An employee is unlikely to breach his duty of fidelity to his employer by simply making a decision to set up a competing business and discussing this with friends and family. However, there is a whole spectrum of steps which may be taken before you reach the extremes of directly soliciting customers of the company and actually carrying on in competition prior to resigning. How does one determine what will constitute a breach of an employee's duties? The Court of Appeal recently held that a middle-ranking salesman who obtained funding from the DTI to develop his own unique product, commissioned concept drawings from product designers and sent those drawings to a competitor (who subsequently invested in the new business) had acted lawfully. An employer must show actual competition, breach of restrictive covenants or misuse of confidential information to succeed in a claim against an employee for breach of the duty of fidelity or breach of contract. The public policy considerations against restraint of trade have established through case law, that acts of preparation before departure are not generally actionable. It is in the public interest to encourage entrepreneurial activity. An employee would otherwise be "locked in corporate bondage or unable to get a running start were he to leave" (Helmet Integrated Systems Ltd v Tunnard).
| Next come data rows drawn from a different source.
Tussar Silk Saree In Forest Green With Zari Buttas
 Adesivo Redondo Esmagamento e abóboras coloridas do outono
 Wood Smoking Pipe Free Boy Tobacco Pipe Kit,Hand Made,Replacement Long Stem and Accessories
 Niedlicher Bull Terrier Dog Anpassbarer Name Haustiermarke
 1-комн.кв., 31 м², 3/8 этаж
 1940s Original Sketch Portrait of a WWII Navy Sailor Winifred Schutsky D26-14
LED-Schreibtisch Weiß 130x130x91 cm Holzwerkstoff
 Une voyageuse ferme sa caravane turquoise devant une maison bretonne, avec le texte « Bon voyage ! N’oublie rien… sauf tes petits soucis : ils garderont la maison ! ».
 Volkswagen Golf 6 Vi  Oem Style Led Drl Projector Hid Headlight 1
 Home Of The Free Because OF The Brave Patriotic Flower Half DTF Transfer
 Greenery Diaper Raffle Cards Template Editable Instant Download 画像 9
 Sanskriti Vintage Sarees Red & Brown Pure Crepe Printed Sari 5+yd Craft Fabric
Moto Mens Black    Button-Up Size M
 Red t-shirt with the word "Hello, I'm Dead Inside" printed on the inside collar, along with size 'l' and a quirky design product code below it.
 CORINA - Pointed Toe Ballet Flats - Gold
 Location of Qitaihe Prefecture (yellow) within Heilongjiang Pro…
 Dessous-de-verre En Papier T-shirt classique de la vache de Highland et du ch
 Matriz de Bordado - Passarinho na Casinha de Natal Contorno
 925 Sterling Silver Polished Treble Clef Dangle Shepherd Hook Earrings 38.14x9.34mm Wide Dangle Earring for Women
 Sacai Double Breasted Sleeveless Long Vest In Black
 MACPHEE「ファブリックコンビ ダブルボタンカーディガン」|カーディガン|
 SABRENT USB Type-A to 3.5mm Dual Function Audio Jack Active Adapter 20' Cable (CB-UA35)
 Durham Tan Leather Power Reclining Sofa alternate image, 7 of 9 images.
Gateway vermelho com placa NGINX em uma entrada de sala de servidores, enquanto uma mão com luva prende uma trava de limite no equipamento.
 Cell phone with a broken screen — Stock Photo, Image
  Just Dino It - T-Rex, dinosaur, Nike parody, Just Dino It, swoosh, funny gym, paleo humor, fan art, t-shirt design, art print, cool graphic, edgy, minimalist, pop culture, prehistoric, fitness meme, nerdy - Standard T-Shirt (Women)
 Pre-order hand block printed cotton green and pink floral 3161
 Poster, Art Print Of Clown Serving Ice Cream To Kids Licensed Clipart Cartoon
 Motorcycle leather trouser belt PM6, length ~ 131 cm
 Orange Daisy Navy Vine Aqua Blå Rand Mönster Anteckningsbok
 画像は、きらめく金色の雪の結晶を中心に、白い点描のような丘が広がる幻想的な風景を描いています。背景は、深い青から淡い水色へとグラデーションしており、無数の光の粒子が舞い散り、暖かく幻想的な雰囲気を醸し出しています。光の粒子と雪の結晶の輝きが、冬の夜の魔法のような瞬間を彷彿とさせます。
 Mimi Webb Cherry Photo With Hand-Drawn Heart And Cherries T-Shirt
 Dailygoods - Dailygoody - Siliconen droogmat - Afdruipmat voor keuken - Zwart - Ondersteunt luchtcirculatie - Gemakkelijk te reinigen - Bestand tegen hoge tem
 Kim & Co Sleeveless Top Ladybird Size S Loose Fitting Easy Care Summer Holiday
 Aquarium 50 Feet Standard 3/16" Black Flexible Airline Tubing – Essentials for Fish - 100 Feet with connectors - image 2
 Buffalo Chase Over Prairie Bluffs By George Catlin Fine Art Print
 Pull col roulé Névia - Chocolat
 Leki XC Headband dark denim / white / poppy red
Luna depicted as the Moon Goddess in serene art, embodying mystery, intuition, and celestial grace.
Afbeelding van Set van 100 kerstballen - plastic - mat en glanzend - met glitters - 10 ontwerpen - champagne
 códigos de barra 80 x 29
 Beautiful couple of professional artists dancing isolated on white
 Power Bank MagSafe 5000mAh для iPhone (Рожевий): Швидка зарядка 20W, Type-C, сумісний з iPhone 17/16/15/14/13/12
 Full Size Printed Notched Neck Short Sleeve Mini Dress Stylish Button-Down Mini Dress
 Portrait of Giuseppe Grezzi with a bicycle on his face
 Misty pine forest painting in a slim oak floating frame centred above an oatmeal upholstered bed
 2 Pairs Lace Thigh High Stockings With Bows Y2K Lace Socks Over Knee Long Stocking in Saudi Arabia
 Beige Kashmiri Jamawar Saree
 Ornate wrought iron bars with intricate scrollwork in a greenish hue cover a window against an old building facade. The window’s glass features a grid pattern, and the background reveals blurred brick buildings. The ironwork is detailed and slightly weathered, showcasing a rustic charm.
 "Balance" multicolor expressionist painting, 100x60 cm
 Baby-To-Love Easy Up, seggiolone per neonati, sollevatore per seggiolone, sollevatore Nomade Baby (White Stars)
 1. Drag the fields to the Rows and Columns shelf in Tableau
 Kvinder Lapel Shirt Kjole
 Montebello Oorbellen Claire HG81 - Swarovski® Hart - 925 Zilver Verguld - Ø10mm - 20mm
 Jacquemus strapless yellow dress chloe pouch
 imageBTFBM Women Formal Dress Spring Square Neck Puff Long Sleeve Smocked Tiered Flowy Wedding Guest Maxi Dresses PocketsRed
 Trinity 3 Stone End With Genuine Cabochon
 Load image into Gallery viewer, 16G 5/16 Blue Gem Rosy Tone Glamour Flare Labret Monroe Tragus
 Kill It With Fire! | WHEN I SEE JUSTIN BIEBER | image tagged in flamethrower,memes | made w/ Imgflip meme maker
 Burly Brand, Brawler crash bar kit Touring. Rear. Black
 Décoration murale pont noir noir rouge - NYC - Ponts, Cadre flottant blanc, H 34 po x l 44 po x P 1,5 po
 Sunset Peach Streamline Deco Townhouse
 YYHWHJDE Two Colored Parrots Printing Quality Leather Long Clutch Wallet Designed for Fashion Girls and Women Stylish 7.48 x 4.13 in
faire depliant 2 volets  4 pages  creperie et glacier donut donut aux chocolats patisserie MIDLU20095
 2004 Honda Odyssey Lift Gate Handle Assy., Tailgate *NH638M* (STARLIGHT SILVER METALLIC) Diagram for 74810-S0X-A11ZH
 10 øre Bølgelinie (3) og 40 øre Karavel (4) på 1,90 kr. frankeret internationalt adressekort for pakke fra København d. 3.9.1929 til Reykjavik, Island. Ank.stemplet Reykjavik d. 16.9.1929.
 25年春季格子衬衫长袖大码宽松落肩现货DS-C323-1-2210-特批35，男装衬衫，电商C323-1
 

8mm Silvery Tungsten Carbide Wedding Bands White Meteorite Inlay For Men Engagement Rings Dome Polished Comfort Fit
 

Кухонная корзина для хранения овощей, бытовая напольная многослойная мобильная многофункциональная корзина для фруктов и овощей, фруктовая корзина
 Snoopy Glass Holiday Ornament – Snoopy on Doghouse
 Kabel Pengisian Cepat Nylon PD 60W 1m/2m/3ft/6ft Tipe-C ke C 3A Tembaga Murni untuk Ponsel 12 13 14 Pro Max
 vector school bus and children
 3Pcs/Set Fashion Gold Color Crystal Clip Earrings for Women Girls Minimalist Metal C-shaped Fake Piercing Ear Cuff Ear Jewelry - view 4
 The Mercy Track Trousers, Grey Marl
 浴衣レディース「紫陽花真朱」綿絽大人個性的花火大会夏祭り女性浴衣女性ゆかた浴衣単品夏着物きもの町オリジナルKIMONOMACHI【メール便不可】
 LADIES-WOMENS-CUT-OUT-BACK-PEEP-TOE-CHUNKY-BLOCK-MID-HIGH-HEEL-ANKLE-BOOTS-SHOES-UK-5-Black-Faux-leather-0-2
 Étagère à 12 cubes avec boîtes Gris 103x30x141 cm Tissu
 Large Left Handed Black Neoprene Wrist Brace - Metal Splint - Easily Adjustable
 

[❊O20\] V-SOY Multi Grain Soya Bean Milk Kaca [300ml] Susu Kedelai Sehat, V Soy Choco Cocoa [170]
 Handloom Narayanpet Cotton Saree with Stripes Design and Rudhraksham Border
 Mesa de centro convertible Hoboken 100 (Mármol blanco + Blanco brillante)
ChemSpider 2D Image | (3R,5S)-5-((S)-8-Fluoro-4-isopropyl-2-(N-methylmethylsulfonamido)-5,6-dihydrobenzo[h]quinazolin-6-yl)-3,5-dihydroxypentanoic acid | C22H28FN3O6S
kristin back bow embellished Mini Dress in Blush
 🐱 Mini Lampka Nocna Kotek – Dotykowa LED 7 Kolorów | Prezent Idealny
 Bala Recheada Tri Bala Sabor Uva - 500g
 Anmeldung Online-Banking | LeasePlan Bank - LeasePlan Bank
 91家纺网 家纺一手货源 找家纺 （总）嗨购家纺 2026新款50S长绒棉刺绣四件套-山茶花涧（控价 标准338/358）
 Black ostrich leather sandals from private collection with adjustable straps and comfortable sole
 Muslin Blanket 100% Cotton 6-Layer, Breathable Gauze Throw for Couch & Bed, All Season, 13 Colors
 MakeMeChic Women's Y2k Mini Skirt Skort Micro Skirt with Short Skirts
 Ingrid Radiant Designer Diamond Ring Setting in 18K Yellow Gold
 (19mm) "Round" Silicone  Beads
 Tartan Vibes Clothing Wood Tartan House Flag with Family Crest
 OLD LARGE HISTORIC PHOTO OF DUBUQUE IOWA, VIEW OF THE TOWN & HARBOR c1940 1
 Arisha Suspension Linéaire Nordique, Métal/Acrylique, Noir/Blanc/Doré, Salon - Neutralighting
However, a close consideration of the facts in any particular case will be needed to ascertain whether the preliminary steps taken could amount to a breach of the duty of good faith and fidelity on the part of an employee in that particular case. Different considerations will be relevant in relation to directors. An employer will be keen to argue that a fiduciary duty is owed (over and above the employee's duties of good faith and fidelity) as this will enable it to claim an account of profits rather than being limited to a claim for loss actuallly suffered as in the case for damages on breach of contract. Identifying suitable premises for a new business, negotiating a lease, purchasing a shelf company and entering into heads of term for the formation of a competing company have previously been found to be lawful acts of preparation. However, working on a business plan, procuring lawyers, approaching auditors and bankers for a new competitive business venture, ordering promotional literature and entering into agreements for the supply of products prior to resignation was held to breach contractual and fiduciary duties (Shepherds Investments Ltd (2) Shepherds (Financial) Ltd v Walters and ors).

 2.Temporary changes to duties and location

 A contract of employment is made up of express contractual terms and terms implied either by common Iaw or statute. Generally speaking, an employer cannot unilaterally vary the terms and conditions of employment without risking a claim for breach of contract and/or constructive unfair dismissal. The consent of the employee is required for a variation of terms or conditions. However, a recent EAT case has confirmed that in rare circumstances, an employer may invoke an implied right to temporarily transfer employees to do other work provided that the work is suitable, the employee suffers no detriment (either in status or benefits), the change in duties or location is only temporary and the business need is clearly justified. (Luke v Stoke on Trent City Council)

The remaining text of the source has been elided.